EXERCISE:
The answer must consist solely of the lines from the one with "2022 Renault Samsung" through the last line of the data, copied exactly, with no pictures.

SUPPLIED INFORMATION below:

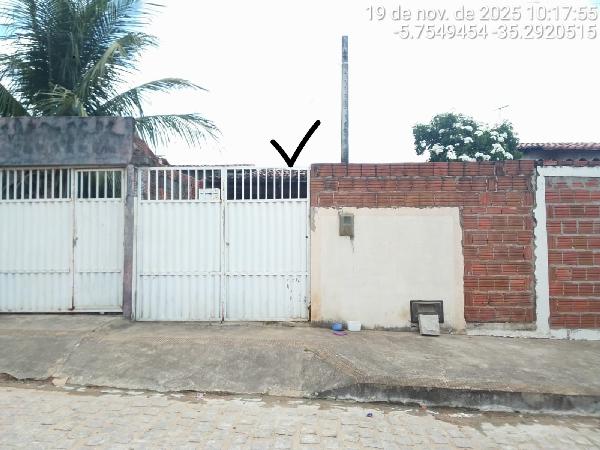 Casa da Caixa em SAO GONCALO DO AMARANTE / RN - 8444420697439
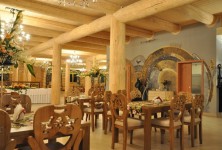 Restauracja & Hotel Świętokrzyski Dwór - zdjęcie obiektu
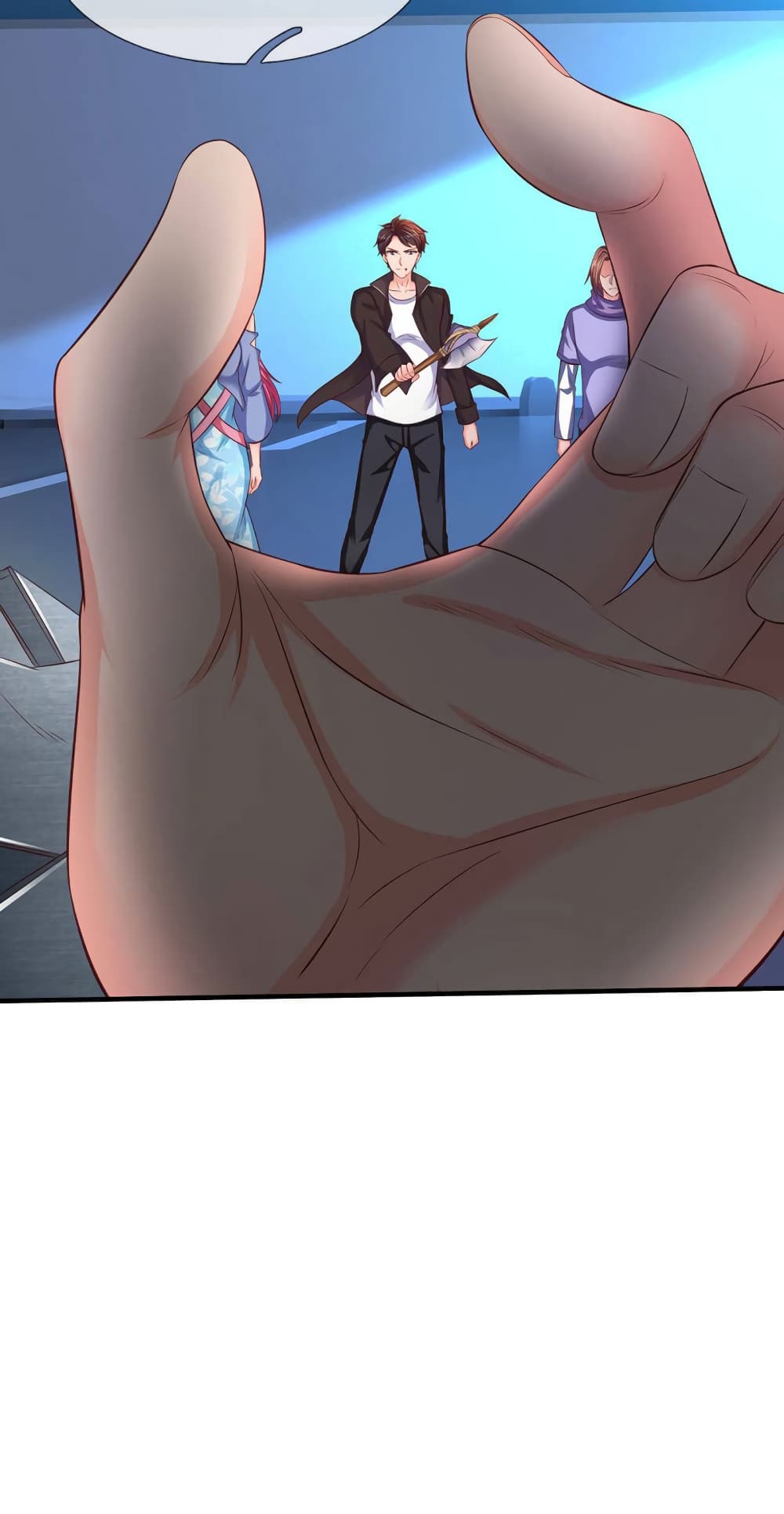 อ่านมังงะใหม่ ก่อนใคร 1668manga.com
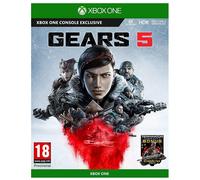 Microsoft Gears 5 - Xbox One Usk18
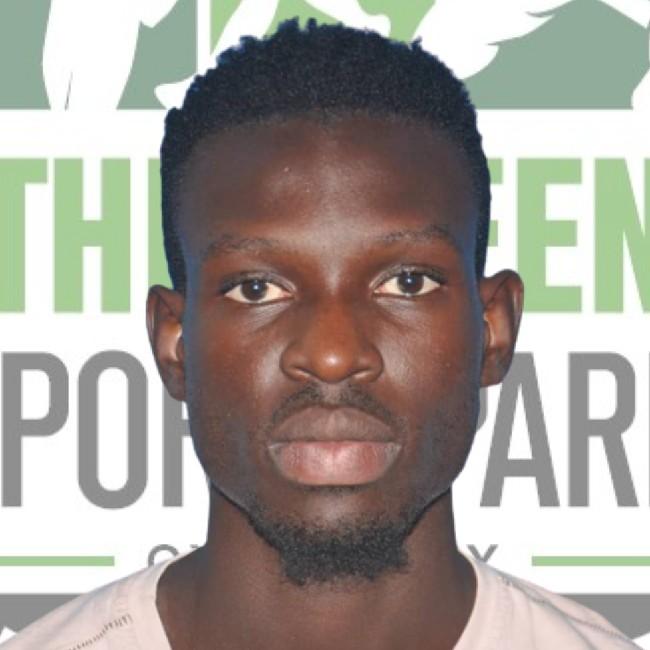 Abdallah Halidi Magonza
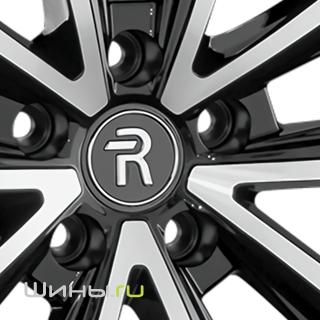 Replica Replay SB-76 (BKF) R17 7.0j 5x100 ET48.0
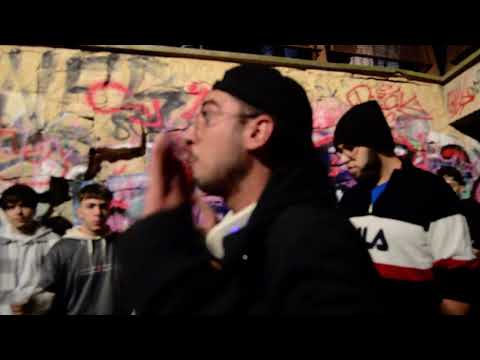 Ruizdelope y Dany SC vs El mainor y Borja ALC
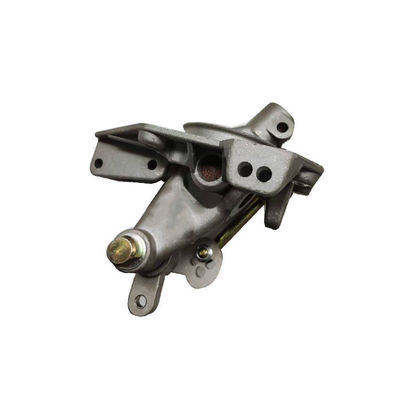 Μηχανισμός ελέγχου μεταβλητής ταχύτητας λεωφορείων και ανταγωνιστικός για τη ζήτηση της αγοράς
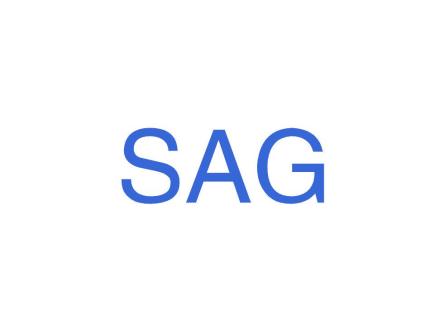 SAG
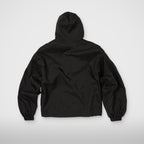 Thug Club TC Fencing Windbreaker in black, view 2 of 3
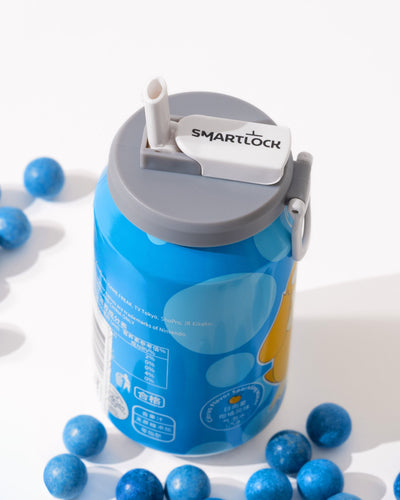 SmartLock – Le couvercle anti-fuite de vos rêves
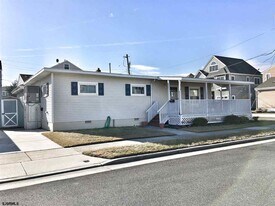 316 N Vendome Ave in Margate City, NJ - Building Photo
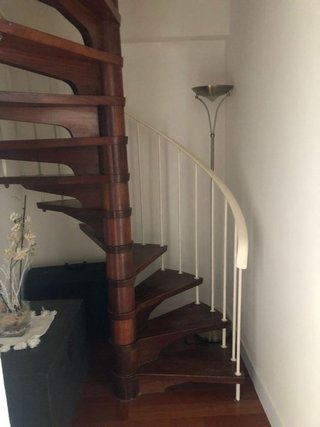 Piso en alquiler en Nueva España en Madrid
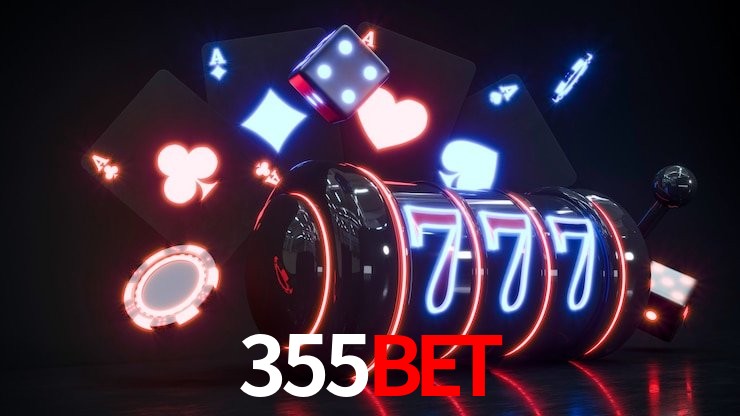 Welcome Bonus 355bet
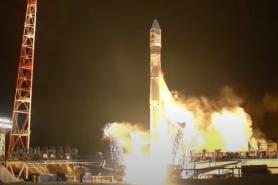 ​russia’s Kosmos 2581, 2582, and 2583 Satellites Deploy Mystery Object in Orbit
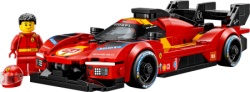 Lego speed champions ferrari 499p ( LE77261 )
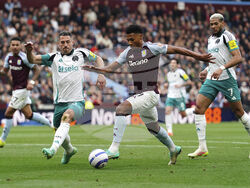 Britain Soccer Premier League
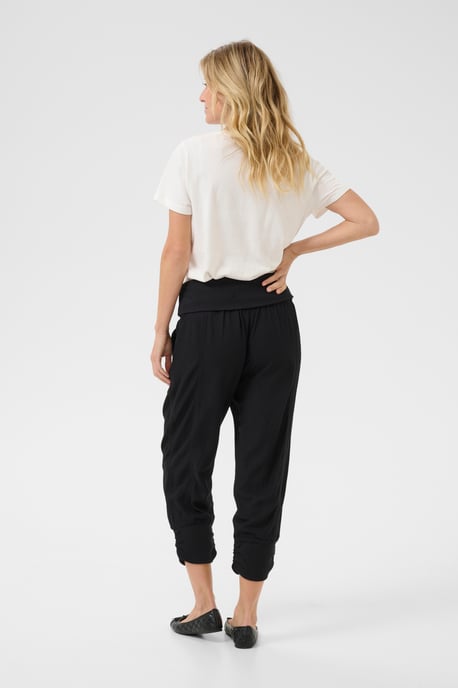 Casual pants Loose fit - Image 2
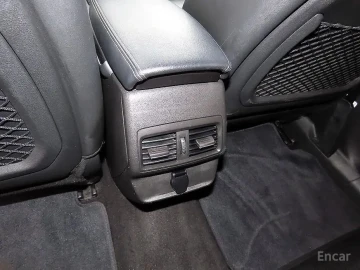 2022 Renault Samsung QM6 с пробегом 89 024 км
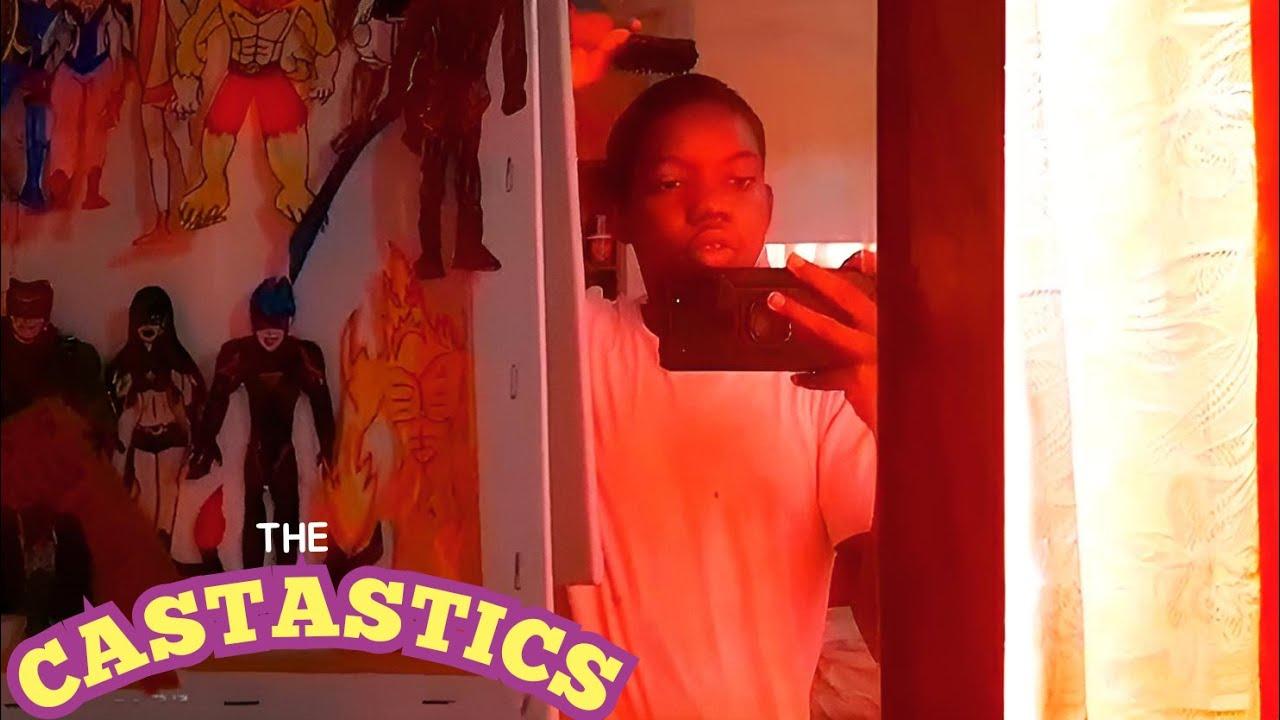 The Castastics 2: Into The CastasticVerse Trailer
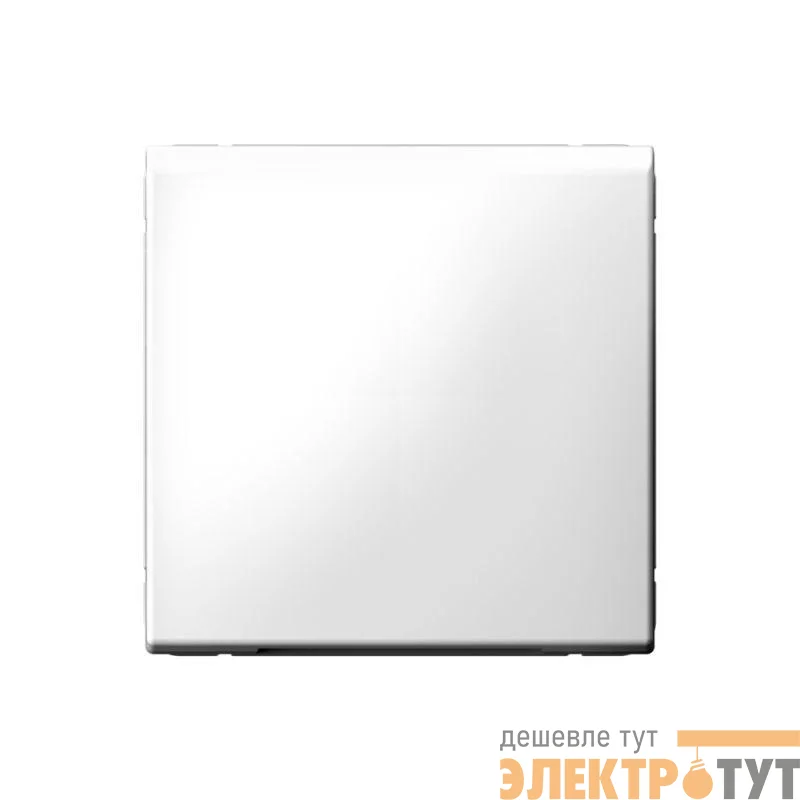 Вывод кабеля ArtGallery механизм бел. SE GAL000199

End of SUPPLIED INFORMATION.

ANSWER BOX:
 2022 Renault Samsung QM6 с пробегом 89 024 км
 The Castastics 2: Into The CastasticVerse Trailer
 Вывод кабеля ArtGallery механизм бел. SE GAL000199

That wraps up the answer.